概要
「艦隊これくしょん」を原作としたTRPG。サイコロ・フィクションシステムを使用している。
プレイヤーは多数用意されている艦娘から一人を選んで担当し(重複はできない)、一般的なRPGでいうパーティに該当する「艦隊」を結成する。
キャラ物TRPGらしく、オリジナル艦娘を作る事は(少なくとも公式ルール上は)できず、所謂「プレロールドキャラクター」しか使えない。カスタマイズも初期個性の「フリー」枠を埋める事のみ可能。ただし性格的には、プレイヤーのイメージやプレイ中に生まれた展開を反映した、マイ艦娘へのイメージを投影しても構わないというか推奨(そもそも原作でも、同じ艦娘が複数登場するし)。
ゲームマスター(提督)は、艦隊が所属する鎮守府の提督役となり、艦隊に命令を出したりするほか、模擬戦で対戦するほかの艦隊の艦娘、深海棲艦、鎮守府を取り巻く一般人なども演じる。
※プレロールドキャラクター:作者やGMが用意した「作成済キャラクター」の事。「プレロールド」とは「サイコロを振って決める能力値」に対し「既にふり終えている(既に決まっている)」と言う意味。能力値決めにサイコロを使わないTRPGでも、作者やGMが用意したキャラクターなら伝統的にそう呼ばれている。
派生作品としての設定
あくまで派生公式としての見解であり、この例に沿ってないケースもあるが参考程度に。
・原作では1つの鎮守府(≒サーバー)に提督が大勢所属しているが、こちらでは提督1人ごとに鎮守府1つといった感じで構成される例が多い。大惨事表を使ってランダムに設定する事もできる。
・鎮守府のなかには、旅館型、療養所型、あまりにも奇妙で周辺住民とのコミュニケーションに苦労する型などもある。というか、基本ルールブックである『着任ノ書』掲載リプレイの鎮守府も「まぼろしの富士見温泉」。
・PC艦娘は1つの艦隊を構成するが、(プレイヤーを集める都合上)6人未満である事が多い。そして艦隊名も大惨事表の出番。
・鎮守府に所属する艦娘の人数は、原作(プレイを進めると数十~百隻以上)と比べると少ない傾向があり、PC艦娘しか所属していない鎮守府もありえる。公式リプレイでは、「神聖ラバウル警備府」では5人(うち1人は登場せず)、「栄光なき極楽泊地」には3人しかいない。「まぼろしの富士見温泉」では6個艦隊を擁しているが、第六艦隊は4人構成である。
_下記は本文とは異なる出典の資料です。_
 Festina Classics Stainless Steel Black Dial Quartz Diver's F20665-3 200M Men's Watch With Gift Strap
・艦娘は、その正体や由来は深い機密の霧に包まれている。「あの戦争」とも呼ばれる大戦を戦った艦船の記憶を持つが、記憶の濃淡には差が大きい。
・妖精さんは、艦娘よりさらに謎が多く、「何なのかさっぱり分かりません」とのこと。
・軍務経験者以外の提督も多く、経歴は様々。人外提督もおり、リプレイ「願いは海を越えて」のA提督は妖精さん提督である。二次創作を意識してか、アルファベットの頭部を持つ提督や柴犬の提督もいるらしい。
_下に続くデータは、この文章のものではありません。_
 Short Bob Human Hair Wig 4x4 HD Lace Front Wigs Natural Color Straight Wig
・深海棲艦は、船を襲うだけでなく、陸地を浸食して海に変えている。数十年前に突如として出現したが、それより前にも出現していたらしく、深海棲艦を封印している神社もあった。
また、洋上交通は、空路も含めて破綻しており、物資の欠乏や沿岸部への攻撃による被害も深刻である。
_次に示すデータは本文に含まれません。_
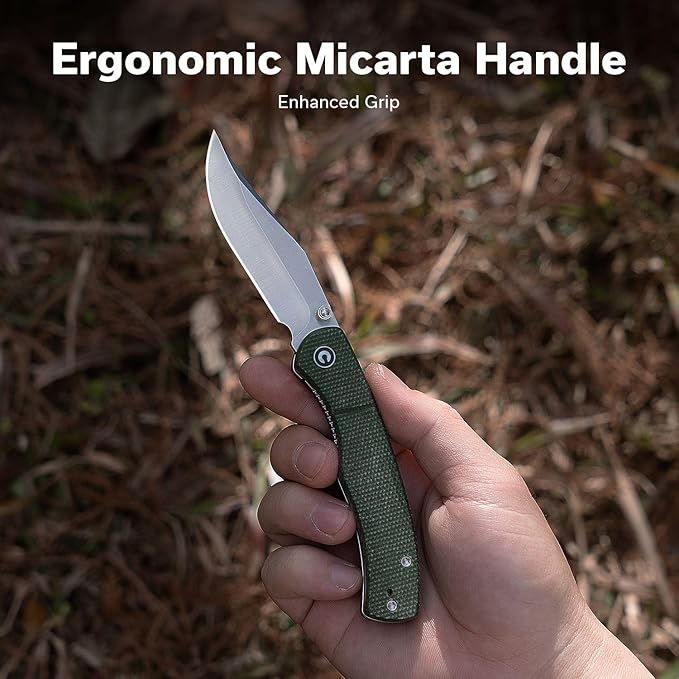 CIVIVI Clingman EDC Pocket Folding Knife with Titanium Reversible Clip, 2.99" Nitro-V Blade Micarta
・おもな舞台は日本であるが、現実世界とは別世界なので、いわば「日本のようなどこか」。「日本のラバウル」騾馬潤町とかも存在する。
・深海棲艦に苦しめられている社会をいいことに、艦娘詐欺が多発。大本営も警告しているが、詐欺はかなり高度化・組織化されて被害が跡を絶たないらしい。
・ブラック鎮守府もある。「願いは海を越えて」のブラ鎮提督は、大型艦建造のやり過ぎで経営がやばくなっていた。
・「提督以外の人間が艦娘を利用する」「艦娘が提督以外の命令を聞いてその戦闘力を行使する」のは、どちらも重罪。
ゲーム進行的な相違
・資材の入手数や価値が、原作とまったく異なる。
・資材は、入渠によるダメージの回復や装備開発だけでなく、ダイスの振り直しに使う【行動力】の回復にも使う(艦種により効率差がある)。リプレイを見る限り、やはり直接食べるらしい。
・艦隊戦の展開は、航空戦→砲撃戦第1ラウンド→砲撃戦第2ラウンド→雷撃戦→夜戦(夜戦突入には判定が必要)。原作とは異なり、戦艦の有無とは関係ない。
・深海棲艦は、中破・大破しても艦載機を飛ばせる。
・深海棲艦の補給艦は、艦隊戦で味方の深海棲艦を回復させることができる。
・艦娘はそれぞれに個性にちなんだ、その艦娘でしか使えない固有アビリティがあり、データ面での各艦娘の差別化は非常に多彩化している。
・無傷で艦隊戦に突入しても、ダメージ次第で轟沈する。演習でも「轟沈」するが、原作の「行動不能になる大破」と同様のものであり、ロストは起こらない。決戦フェイズでは、轟沈後に他の艦娘が回収する事ができるが、判定に失敗すると原作通りにロストする。
これらのほか、リプレイのページ下部には、
・鈴谷がいた鎮守府が、艦娘の遠征中に、提督が鎮守府生活に飽きて帰って来なくなって壊滅した。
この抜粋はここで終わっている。